E credo che, al dilà del lato ludico della cosa, l'idea di girare un film con i propri mezzi per quanto limitati essi siano rappresenti un atto di appropriazione della materia cinematografica volto a soddisfare ad una pulsione interiore simile alla passione fisica, al bisogno di fare proprio l’oggetto venerato e di plasmarlo a propria immagine, in una sorta di cannibalistico ed estremo atto d’amore che diviene rito collettivo, esaltazione dell’arte, del Cinema e della memoria prima ancora (e molto più) che un omaggio alle videocassette, alle sagomine di cartone e i costumi in alluminio – tutto molto bellino, per carità, ma già visto e sviscerato nell’arte del sogno.

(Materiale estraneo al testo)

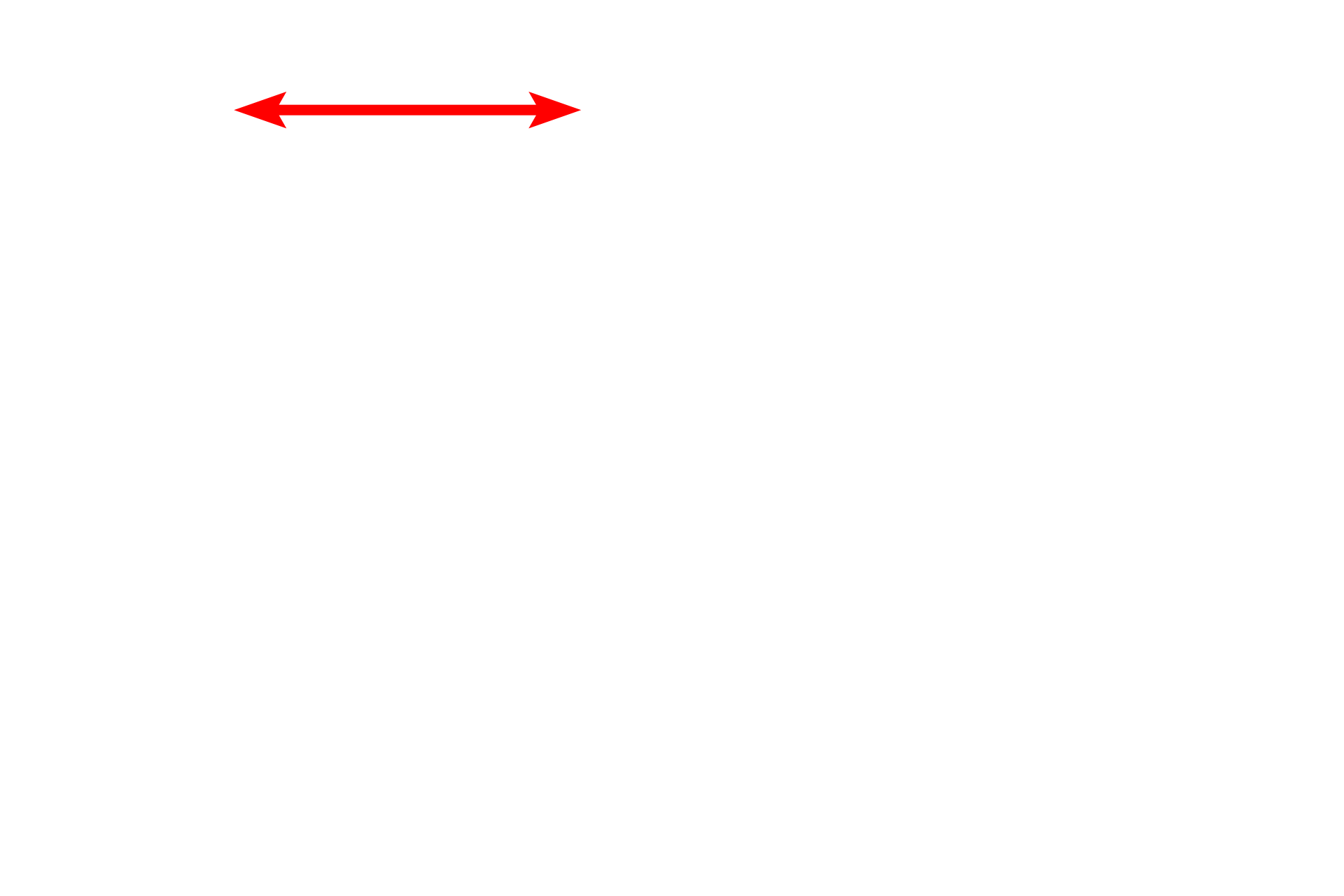 Iris <p>The anterior surface of the lens and portion of the iris are shown here.  The outermost layer of the lens is a capsule, which represents the highly thickened basal lamina of the lens epithelium lying inside the capsule.  This capsule consists primarily of proteoglycans and type IV collagen and except in the equatorial regions, is thicker on the anterior, than on the posterior, surface of the lens.</p>

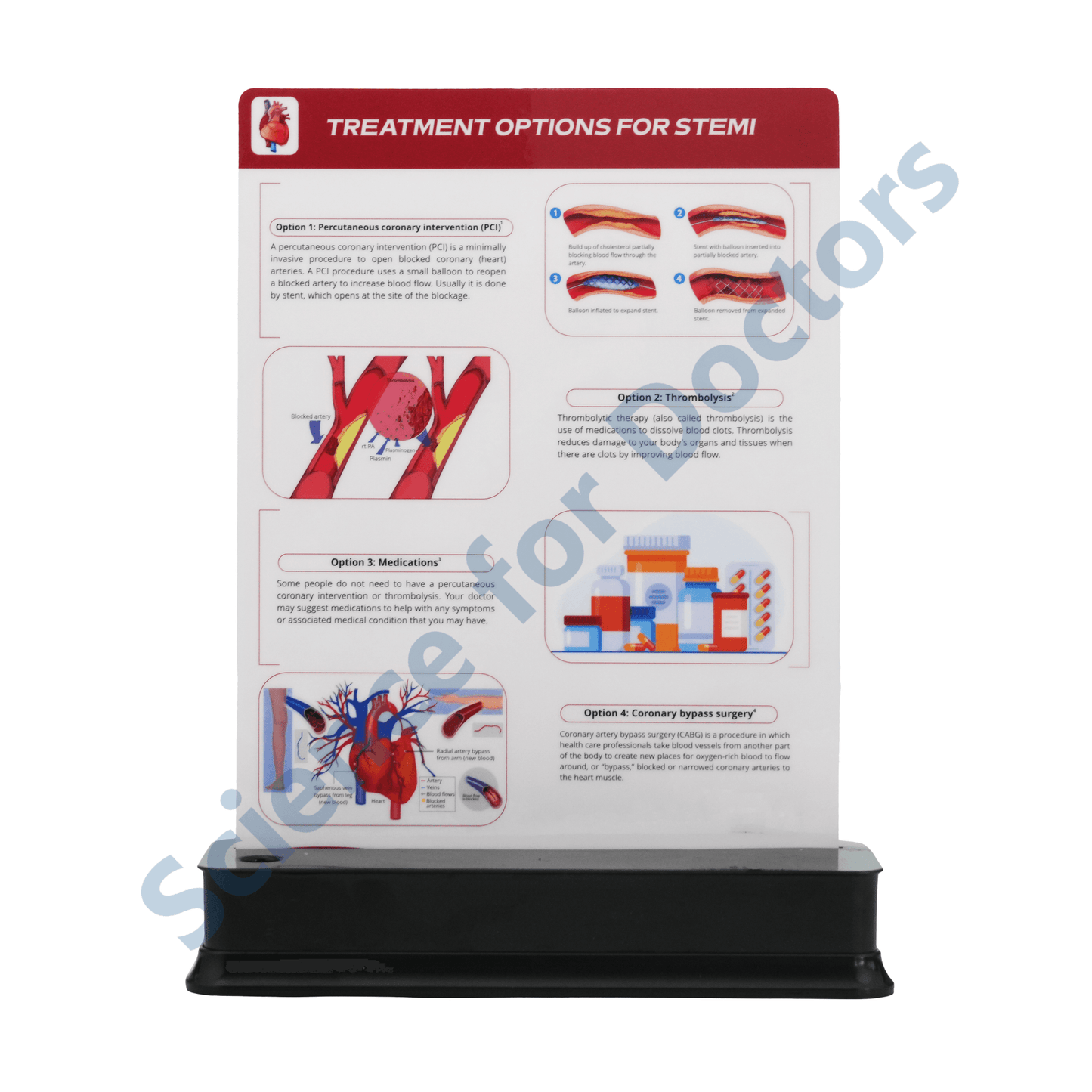 Treatment Options For STEMI: 1 Slide on stand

Ecco, parlando di Gondry come regista e sceneggiatore, solo senza il supporto del genio di Kaufman, si potrebbe parlare di un processo di crescita : nell’Arte del Sogno c’erano le sagomine carine, qui è riuscito ad incastrarle in un soggetto brillante e divertentissimo, oltre che a coinvolgere nella maniera più diretta e genuina i suoi spettatori. Al prossimo giro, ci conto, ci sarà anche una vera sceneggiatura.

* "Tipo, mi piace pensare che lo scopo di Soldato Jane fosse quello di fare un film veramente di merda" (cit.)